DES MOINES, Iowa ― Former US Vice President Joe Biden has played a role in some of the most controversial domestic and foreign policy decisions from the 1970s to the 2010s.
He co-authored the 1994 crime bill, lobbied for the 2005 bankruptcy reform bill, and voted for both the North American Free Trade Agreement and the Iraq War. Despite that record, Biden began the presidential race as a front-runner and continues to top the polls in early states, including several recent surveys in Iowa, the first-in-the-nation caucus state where he had previously been weaker.
Overall, Tuesday night’s smaller debate rumble ― Biden was joined by billionaire businessman Tom Steyer, former South Bend, Indiana, Mayor Pete Buttigieg, and Senators Bernie Sanders, Elizabeth Warren and Amy Klobuchar ― was a genteel affair.
Foreign policy and international trade, previously lightly discussed, took up large chunks of time. And while there were disagreements between the candidates Tuesday night, in the final stretch before the Iowa caucuses, they largely avoided aggressively attacking one another. Warren and Sanders passed on relitigating what happened in their 2018 meeting, and Biden avoided a pile-on about the Iraq War and his support for international trade deals protested bitterly by labor unions.

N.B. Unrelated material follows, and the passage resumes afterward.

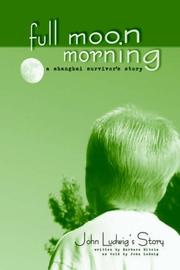 Cover of: Full Moon Morning: A Shanghai Survivor's Story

The decision to avoid head-on fights was motivated no doubt by the fact that much of the Democratic electorate seems to have little appetite for such squabbles, preferring the focus be kept on attacking Trump and not doing too much lasting damage for the general election.
The greatest beneficiary of the debate’s calm tone was Biden. Tuesday night’s debate was the last chance Iowans had to hear Biden answer in greater detail about his record before they head to caucus sites on February 3.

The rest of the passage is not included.